Although the three accentual patterns are present in Spanish, the paroxytone pattern is by far the most general. For example, Quilis (1993) examined a corpus composed of 9219 Spanish words of different grammatical categories such as verbs, nouns, etc. (excluding monosyllabic and unaccented words), and found that 80% of the words were paroxytone, whereas approximately 17% of the words were oxytone and 3% were proparoxytone. Therefore, the paroxytone pattern can be considered as the default accentual pattern in Spanish.

At the orthographic level, an accent mark is used in Spanish to indicate the stressed syllable only in specific cases. Following the Spanish spelling rules (Real Academia Española y Asociación de Academias de la Lengua Española, 2005) and as can be seen in Table 1, the accent mark is always required in proparoxytone words (e.g., pájaro), whereas its presence on paroyxytone and oxytone words depends on the structure of the final syllable of the word. Paroxytone words must be written with the accent mark (on the penultimate syllable) only when they end in a consonant other than –n or –s (e.g., cárcel). Along the same line, oxytone words must be spelled with the accent mark (on the final syllable) only when they end in a vowel or in –n or –s (e.g., bambú ‘bamboo’).

Table 1: Examples of proparoxytone, paroxytone and oxytone Spanish words with and without accent mark.

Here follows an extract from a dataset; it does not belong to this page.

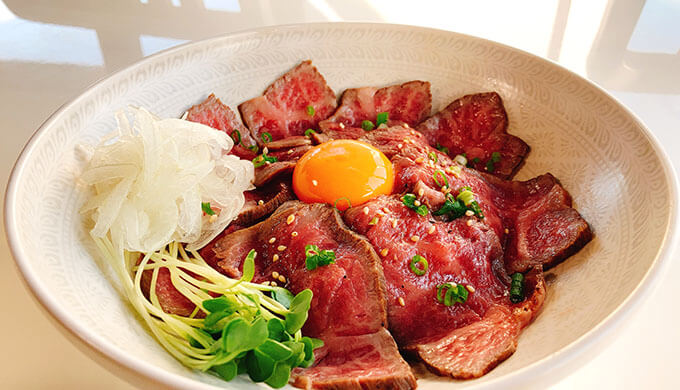 たんと(ローストビーフ丼)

Lexical stress Final syllable of the word Accent mark Examples
Proparoxytone
words (PP)
Not specified Always required pájaro /ˈpaxaɾo/ ‘bird’
Paroxytone
words (P)
Ending with a vowel
Ending with –n or –s
Not required dulce
rosas
/ˈdulθe/
/ˈrosas/
‘sweet’
‘roses’
Ending with a consonant
other than –n or –s
Required cárcel
lápiz
/ˈkarθel/
/ˈlapiθ/
‘jail’
‘pencil’
Oxytone
words (O)
Ending with a consonant
other than –n or –s
Not required temor
moral
/teˈmor/
/moˈɾal/
‘fear’
‘moral’
Ending with a vowel
Ending with –n or –s
Required bambú
pasión
/bamˈbu/
/paˈsjon/
‘bamboo’
‘passion’

The assignment of stress in reading aloud can thus be deduced from the written form of the word, more specifically, from the presence of an accent mark, or, when there is no accent mark, from the structure of the final syllable of the word. For example, a word that ends in a vowel and has no accent mark (e.g., dulce, ‘sweet’) should be read as paroxytone (i.e., stress on the penultimate syllable, /ˈdulθe/). Along the same line, a word that ends in a consonant and has an accent mark on the penultimate syllable (e.g., cárcel) should also be read as paroxytone (i.e., stress on the penultimate syllable, /ˈkarθel/).

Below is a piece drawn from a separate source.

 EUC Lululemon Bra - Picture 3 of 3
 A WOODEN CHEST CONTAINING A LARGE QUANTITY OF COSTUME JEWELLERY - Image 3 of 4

1.2. Visual word recognition models

A crucial issue in the examination of silent reading is to determine to what extent the visual representation of a printed word is phonologically recoded to be accessed in the lexicon. The models of visual word recognition can be classified according to the importance they give to the phonological code during lexical access (see Ferrand, 2001, for a description). Some models assume a direct access from the orthographic representation to the lexical representation, with no phonological recoding (e.g., Morton, 1969). On the contrary, other models postulate that the written words are necessarily recoded into a phonological code in order to access the lexical representations (e.g., van Orden, 1987). In between these two strong positions are dual-access models that combine direct access and phonological recoding, in the sense that they consider that the orthographic and phonological information are possible and separate sources of activation in the identification of written words. Among these models are, for example, the Dual-Route Cascade model (Coltheart, Rastle, Perry, Langdon, & Ziegler, 2001), the Parallel Distributed Processing model (Seidenberg & McClelland, 1989) or the Connectionist Dual Process model (Perry, Ziegler, & Zorzi, 2010, 2014). Despite the fact that these models differ in the way they consider the organization of the lexical representations (e.g., local or distributed) and the processing for words and pseudowords (different or similar), they share the idea that the orthographic code is dominant (i.e., the orthographic information is generally sufficient for reading) and that the phonological recoding is optional and necessary only in some specific conditions.

It has been claimed that speakers of opaque languages (that is, with non-transparent orthography, such as English or French; Frost & Katz, 1992) use both lexical and nonlexical routes (e.g., Coltheart et al., 2001). On the other hand, the lexical route might not be necessary in transparent languages (that is, with transparent orthography, such as German or Spanish; Frost & Katz, 1992), since words can be read using only grapheme–phoneme conversion rules (i.e., via the nonlexical route). However, researchers have found the presence of lexical effects (e.g., frequency, neighbourhood), in German (Ziegler, Perry, & Coltheart, 2000) or in Spanish (González-Nosti, Barbón, Rodríguez-Ferreiro, & Cuetos, 2014; Martín Plasencia, Iglesias Dorado, & Serrano, 2008) in reading aloud as well as in lexical decision tasks, which evidenced the use of the lexical route in transparent languages too.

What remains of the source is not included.